Showing posts with label Dream Strip. Show all posts
Showing posts with label Dream Strip. Show all posts

Tuesday, December 15, 2015

Merkl’s DINOMANIA – McCay – Dinosaur Monsters – New York – King Kong


[1] 1905 — Git App! McCay’s very first dinosaur — drawn as ‘Silas’ with respect for the ‘paleontological facts…’ Dinosaur-jockey panel from Dream of the Rarebit Fiend, 4 March.
      
by Huib van Opstal

WORSHIP. For five years Ulrich Merkl has been chiseling away at his second book about Winsor McCay — Dinomania; The Lost Art of Winsor McCay, the Secret Origins of King Kong, and the Urge to Destroy New York — available now.

Ulrich Merkl (b.1965) is a German historian, a tireless researcher, writer and designer who lives and works in eastern Germany near Chemnitz, in the Bundesrepublik Deutschland. This large-sized book in words and images is about much, much more than dinosaurs and comic strips alone. Many full-page newspaper pages are reproduced in it. It certainly is the book for McCay worshipers.

[2] 1910-11 — The lines of McCay (as Silas) in close-up.
LINE DRAWN. Winsor McCay (1869-1934) did not have a particularly well-drawn line. Seen in close-up his lines were rarely singular and clearly drawn in hurried fashion. He manically scratched on in multifold-line mode. Outlines in his comic strips he often made thicker, giving panels and pages the look of lead framework in stained glass. 

For the period around 1911 when he made his pioneering animated movies — films for which he made all in-between drawings himself, in pen on paper, thousands and thousands of them, for once inking in an even singular line to ensure the best registration — Merkl describes McCay’s working method as:
‘…Religiously adhering to a schedule of seventeen working hours a day, and drawing in lightning fashion…’
[3] 1910-11 — The Giant Hand. A regular nightmare in the Dream of the Rarebit Fiend series, 2 February 1913. A strip actually drawn 2 or 3 years earlier.
A GIANT. What made McCay a real giant in the American comic strip field though, in the early 1900s, was his mastery of other vital aspects of the comic drawing trade. His mastery as a composer of giant newspaper strip designs in beaux arts styling, or his beautiful colouring and page layouts, or his giant editorial cartoons. His zany dream and nightmare subjects and various other absurdities make you nearly forget the plotless aspect of the larger part of his strips. 

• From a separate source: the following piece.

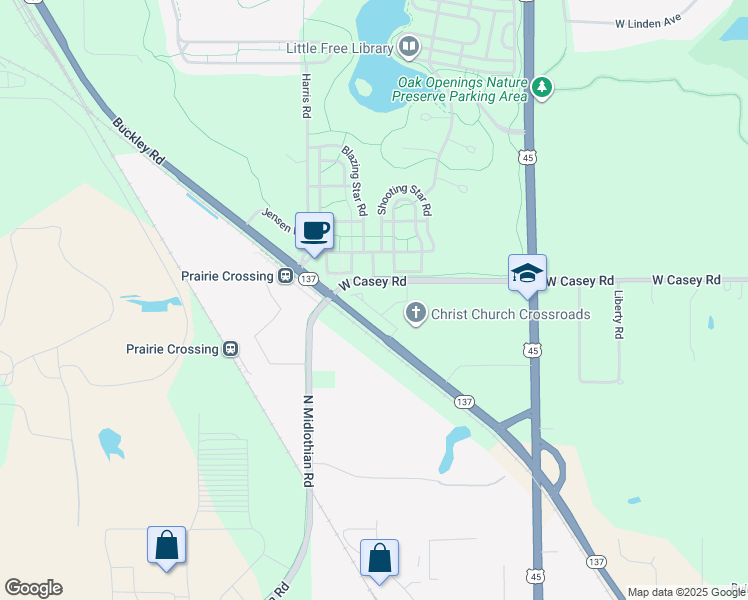 map of restaurants, bars, coffee shops, grocery stores, and more near 19410 Illinois 137 in Grayslake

Merkl’s two visual McCay books (this is his second) automatically stimulate your viewing because McCay absorbed many influences from many sources, and Merkl attempts to find them all. Dinomania has a glossary, an index, a bibliography and notes, and is chockfull of annotation and inspiration. Bless you Ulrich, for your dandy finds, although the design and reproduction choices made in it gave me nightmares.


PICTURE RHYME. Here’s some lovely picture rhyme proof I found last month of the similarities between a real mining machine as seen by photographer Lewis Hine (b.1874), and a machine-like dinosaur as drawn by Winsor McCay.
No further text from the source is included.